Mario asiente, la inconformidad se le nota en los ojos. Le vendría de lujo el dinero fácil. Le vendría mucho mejor un rumbo para su vida. Pero tener el crimen como motor es un salto con el que no se siente cómodo. El pianta nota eso, y desvía el tema para disimular las presiones.
—Quédate para el show de la hora. Hay una nueva voz a la que solo puedo describir como... Molto señorina.
Desempleado cómo estaba, contó con tiempo libre de sobra, así que aceptó sin realmente esperar nada. Terminado el zumo, buscó una esquina donde arrimarse para pasar desapercibido, y la encontró en el rincón de la máquina de pinball. Lisa, de muchas curvas como una mujer, decorada con luces e ilustraciones de chicas Pin Up. Mario se saca la calderilla del bolsillo del overol, mete una moneda, y se pierde por un rato en un mundo de sonidos vacíos que busca trasmitir gloria, y una pelota que rebota. Es un lugar hermoso por su simpleza, y disfrutó olvidándose de todo y simplemente rebotando ahí. Al menos por un rato, hasta que una voz melodiosa quebró la fantasía y le quitó cualquier gana de echarse a recoger los pedazos...
Mario separa las manos de la máquina, y con una lentitud pasmosa da media vuelta hasta que su campo de visión se concentra en la tarima. Ahí es cuando la ve, entre los músicos y sus instrumentos, esa dama... La estatua de una diosa con ojos como gemas, cabello bordado con rizos de oro, belleza que opaca las flores y vuelve dócil a cualquier bestia, estuche del placer y del arte, que al mover su delicada mano para tomar el micrófono, dejó en manifiesto su herencia como modelo de carne y hueso. Para al instante siguiente elevarse de nuevo al plano de la divinidad cuando las luces la enfocaron, y abrió los labios para cantar a los sueños de una noche, a las almas solitarias, y recordarles que los sueños pueden ser eternos, y que el corazón puede volver a latir. Joven es ella, y le falta la soltura de las veteranas, pero canta con un sentimiento del que muchas no conocen ni han tenido.

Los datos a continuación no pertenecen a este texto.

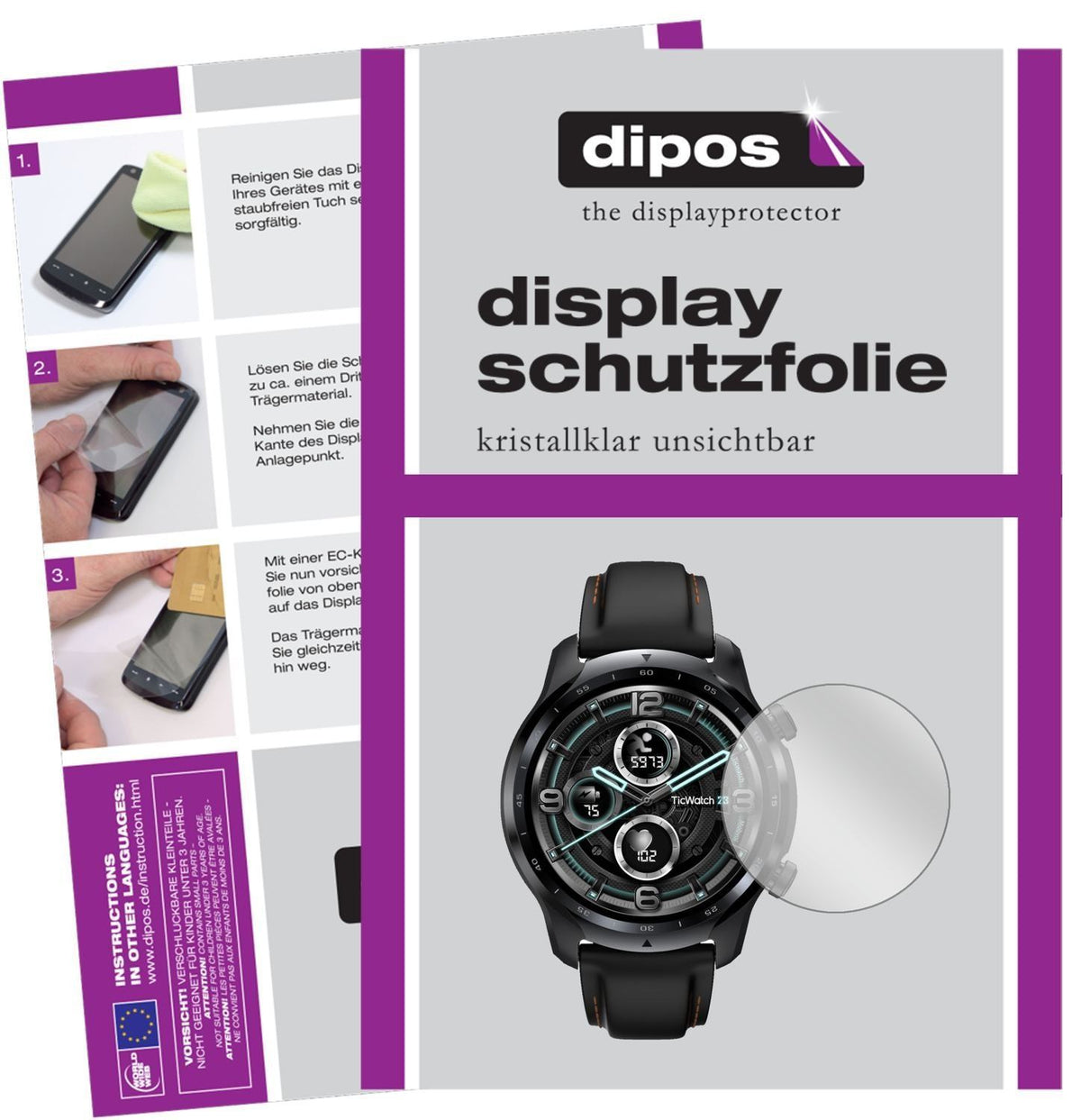 2x Schutzfolie klar für Mobvoi TicWatch Pro 3 (47m (1)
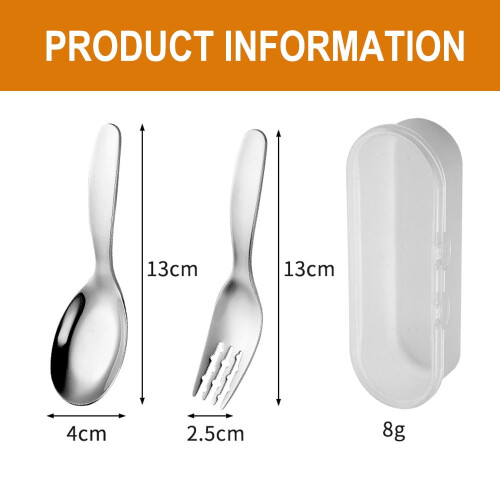Children's Fork and Spoon Set Stainless Steel 2-Piece 1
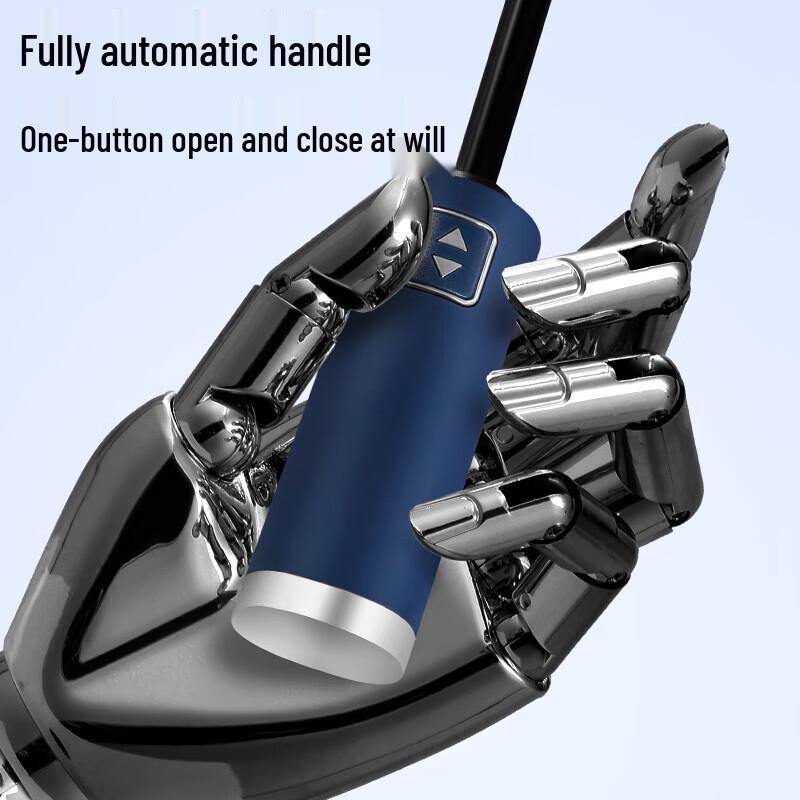 XuQing Automatic 16-Rib Frosted Handle Black-Coated Folding Umbrella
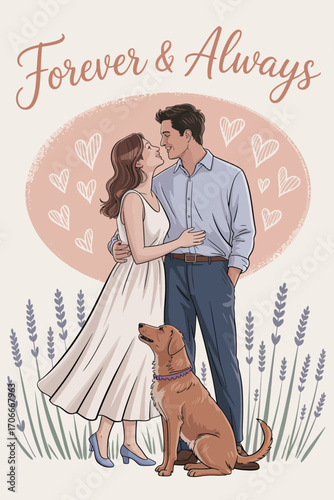 An enchanting image showcases a couple sharing a close moment with their dog, enveloped by nature's beauty and symbolizing deep love, companionship, and cherished time together.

Durante el encanto, Mario se desliza hasta una mesa vacía y toma un puesto. Con los codos sobre el mantel y las manos en las mejillas, queda viendo el show enternecido, como si estuviera en el teatro.
En Nueva Donk, ciudad amable y terrible; de tantas músicas y canciones que no hacen oír las voces de los de abajo; de crisis y hambre; de jóvenes afortunadas y jóvenes desvanecidas; en mitad de un paraíso de locura y concreto, construido sobre el capital, lienzo para las risas, la lujuria, las deudas, el crimen, y una montaña de sueños mallugados, hermanos de las promesas y padres de las resignaciones... Ella brilló, y se bañó de aplausos honestos, y silbidos de lobo. ¡Porque qué dama! ¡Solo ella, princesa sin corona! Molto señorina. Pauline.
Al salir, el viento soplaba fuerte, y la muchacha se iba despidiendo de los enamorados clientes, con una sonrisa fina que revelaba sus preciosos dientes. Quedó estrangulada por los halagos hacia su voz y a su aspecto, y casi la dejan sorda las campanas que prometían lujos e invitaciones a castillos en las nubes. Pero al viento se le oyó con más fiereza que cualquier pretendiente, como celoso de la atención que la mortal recibía, Cuando ella se propuso abrir la sombrilla para cubrirse de una naciente llovizna, la ráfaga se la arrebata...
Pauline corre detrás, persigue el regalo dado por su madre, ese que rompe la fachada concebida por el abrigo caro regalado por Don Pianta, y hace patalear a la superficie la niña que nadaba en las lagunas circundantes de los ranchos Moo Moo. Campesina vuelta musa. Musa campesina. Aquella palurda de hace muchos años cabalga la sombrilla que se aleja cada vez más. Y se pierde tras un crujido. El tacón de se quiebra contra la acera, y la joven se derrumba. Es ahí que más rápido que ella y que cualquier cosa que hubiera visto, un hombre chaparro cruza por su lado y propina un salto imposible... Alcanza la manilla de la sombrilla y cae, aterriza de pie. Mario vuelve donde la chica tumbada, y la cubre de la llovizna que ahora es lluvia, y le ofrece su mano libre para levantarla del suelo. Se miran a los ojos, y con el toque de sus dedos, se enciende una chispa. Entonces Cupido canta una paradoja hacia su ser que empieza así: ¡Química!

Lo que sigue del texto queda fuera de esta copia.